Auf den ersten (und durchaus auch noch auf den zweiten oder dritten) Blick erscheint diese Erzählung als zu phantastisch, als daß man sie im Ernst für eine historische Darstellung halten könnte. Man glaubt, ein Produkt reiner Phantasie und Einbildungskraft vor sich zu haben, das jeder Fundierung durch historische Tatsachen entbehrt. Und man fragt sich ernsthaft, ob das Interessante an diesem Konstrukt vielleicht einzig und allein die Frage ist, was Freud dazu bewegt haben mochte, eine solch schockierende Geschichte zu erfinden und mit ihr seine – von Nazi-Deutschland bedrohten und verfolgten – jüdischen Mitbürger vor den Kopf zu stoßen.

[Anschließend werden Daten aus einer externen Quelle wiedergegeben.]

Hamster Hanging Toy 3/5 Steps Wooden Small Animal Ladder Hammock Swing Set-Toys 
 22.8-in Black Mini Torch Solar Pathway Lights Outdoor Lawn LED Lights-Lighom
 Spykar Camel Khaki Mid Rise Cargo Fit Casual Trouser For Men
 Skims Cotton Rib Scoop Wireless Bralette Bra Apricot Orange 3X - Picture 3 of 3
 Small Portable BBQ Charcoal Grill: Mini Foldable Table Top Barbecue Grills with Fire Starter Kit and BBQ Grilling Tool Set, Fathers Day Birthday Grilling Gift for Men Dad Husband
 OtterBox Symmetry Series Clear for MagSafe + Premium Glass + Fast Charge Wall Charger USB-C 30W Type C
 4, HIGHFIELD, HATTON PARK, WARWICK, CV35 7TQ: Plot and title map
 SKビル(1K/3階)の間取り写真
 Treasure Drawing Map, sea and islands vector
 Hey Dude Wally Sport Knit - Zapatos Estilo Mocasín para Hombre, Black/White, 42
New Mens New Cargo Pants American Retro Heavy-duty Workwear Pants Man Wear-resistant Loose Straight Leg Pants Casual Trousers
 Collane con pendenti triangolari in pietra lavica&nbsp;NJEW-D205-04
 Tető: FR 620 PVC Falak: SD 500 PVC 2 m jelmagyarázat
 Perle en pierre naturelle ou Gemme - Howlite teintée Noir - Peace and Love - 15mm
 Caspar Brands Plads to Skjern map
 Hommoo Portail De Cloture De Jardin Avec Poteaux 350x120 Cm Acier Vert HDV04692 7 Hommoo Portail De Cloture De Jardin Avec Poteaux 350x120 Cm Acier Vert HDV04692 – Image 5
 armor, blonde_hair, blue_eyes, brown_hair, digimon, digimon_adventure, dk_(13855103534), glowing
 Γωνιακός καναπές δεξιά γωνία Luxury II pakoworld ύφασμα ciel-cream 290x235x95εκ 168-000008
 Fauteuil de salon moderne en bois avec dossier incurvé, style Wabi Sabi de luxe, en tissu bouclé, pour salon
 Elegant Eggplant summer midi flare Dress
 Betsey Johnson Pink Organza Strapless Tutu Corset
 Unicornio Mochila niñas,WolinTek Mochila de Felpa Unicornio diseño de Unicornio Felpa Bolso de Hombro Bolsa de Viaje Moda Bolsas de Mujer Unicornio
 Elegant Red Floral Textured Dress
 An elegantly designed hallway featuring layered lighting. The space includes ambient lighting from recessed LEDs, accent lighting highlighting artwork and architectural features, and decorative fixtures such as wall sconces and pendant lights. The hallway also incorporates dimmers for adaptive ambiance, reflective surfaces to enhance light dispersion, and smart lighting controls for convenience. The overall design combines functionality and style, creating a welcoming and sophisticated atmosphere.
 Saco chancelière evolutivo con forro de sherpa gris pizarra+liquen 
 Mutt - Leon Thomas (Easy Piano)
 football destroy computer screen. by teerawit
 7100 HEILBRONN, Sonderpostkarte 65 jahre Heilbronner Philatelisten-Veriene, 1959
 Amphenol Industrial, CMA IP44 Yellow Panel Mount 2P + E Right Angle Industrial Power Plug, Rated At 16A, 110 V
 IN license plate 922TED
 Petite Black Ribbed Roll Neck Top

Wenn auch das aus Yerushalmis Buch Zitierte zweifellos den reinen Handlungsinhalt der Geschichte wiedergibt, die Freud erzählt, so ist es dennoch nicht die Art und Weise, in der er sie erzählt. Wir haben aber genau zu verfolgen, wie und in welchem Kontext Freud die Geschichte erzählt. Zumal die ersten beiden Abhandlungen, die Freuds Buch versammelt, „Moses, ein Ägypter“ und „Wenn Moses ein Ägypter war…“, ursprünglich in der psychoanalytischen Zeitschrift Imago erschienen – zu einem Zeitpunkt, als Freud noch in Wien lebte. Die dritte, längste und wichtigste Abhandlung „Moses, sein Volk und die monotheistische Religion“, wurde erst nach Freuds Ankunft in England veröffentlicht.